● Task requirements:
Apart from the images, output the data below exactly.

● Information supplied:
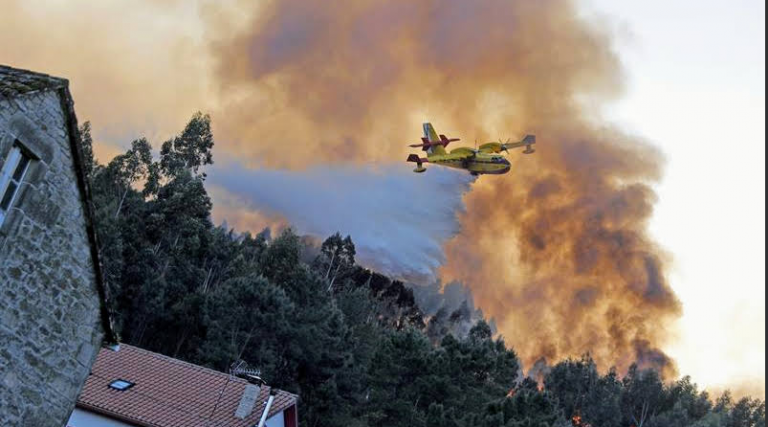 Incendios Galicia: «Casi no lo vimos venir, por poco arrasa nuestras casas»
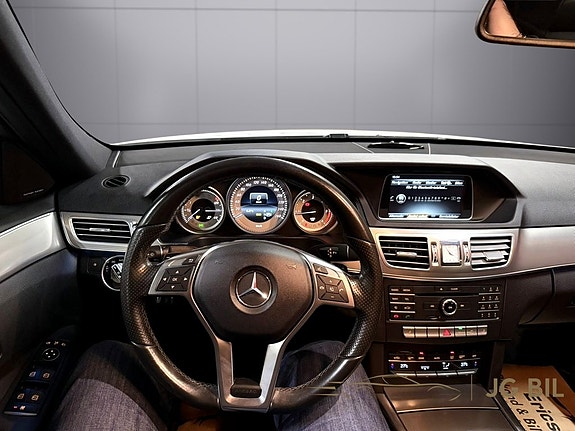 Mercedes-Benz E220 18 of 29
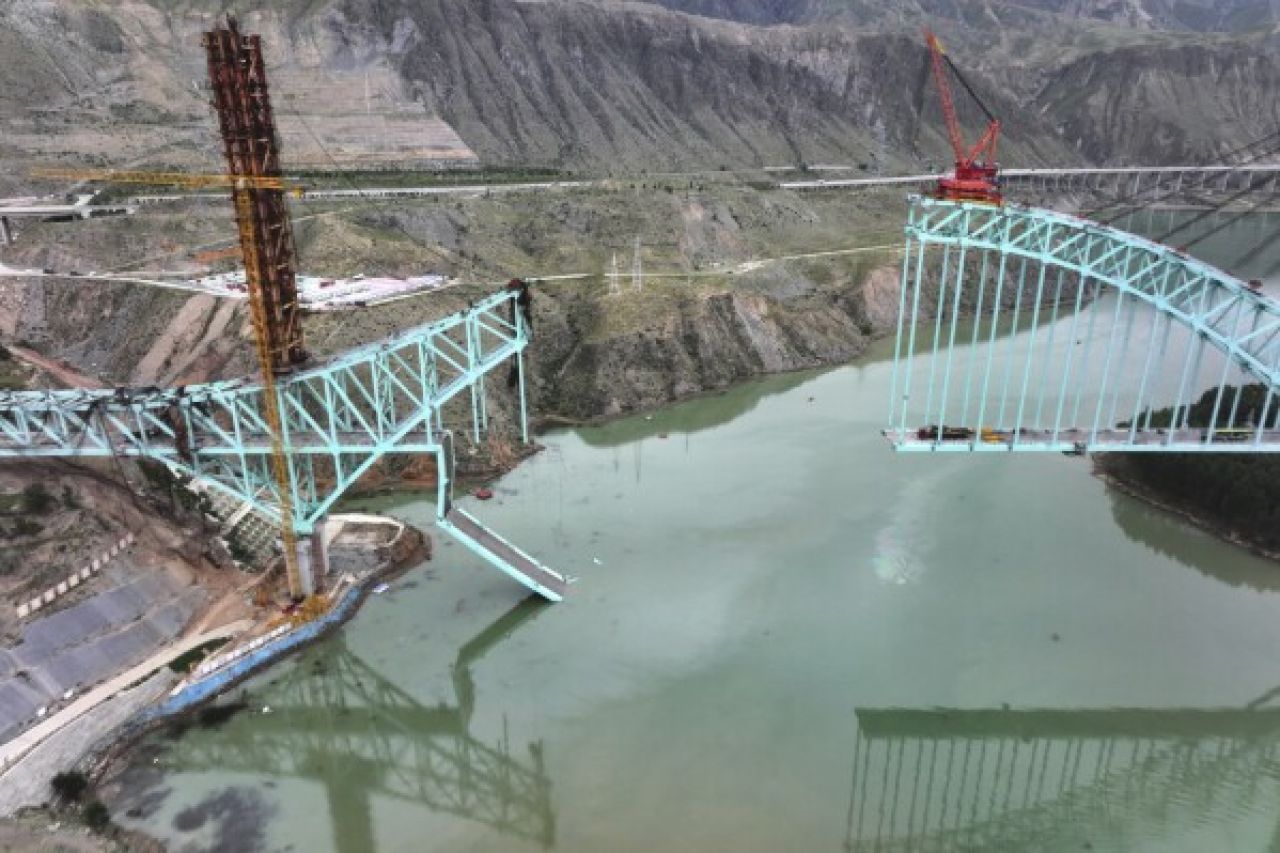 China gai hadhamun dhiya bridge eh vehtti 12 meehun maruvejje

● Your response:
 Incendios Galicia: «Casi no lo vimos venir, por poco arrasa nuestras casas»
 Mercedes-Benz E220 18 of 29
 China gai hadhamun dhiya bridge eh vehtti 12 meehun maruvejje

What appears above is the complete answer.